Activity
The whole listing below should be duplicated exactly, with nothing left out.

Recorded information
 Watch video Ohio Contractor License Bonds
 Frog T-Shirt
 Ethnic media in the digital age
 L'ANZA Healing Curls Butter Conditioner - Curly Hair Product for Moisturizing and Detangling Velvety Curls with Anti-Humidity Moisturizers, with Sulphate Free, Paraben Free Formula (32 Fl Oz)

Answer to this problem
 Watch video Ohio Contractor License Bonds
 Frog T-Shirt
 Ethnic media in the digital age
 L'ANZA Healing Curls Butter Conditioner - Curly Hair Product for Moisturizing and Detangling Velvety Curls with Anti-Humidity Moisturizers, with Sulphate Free, Paraben Free Formula (32 Fl Oz)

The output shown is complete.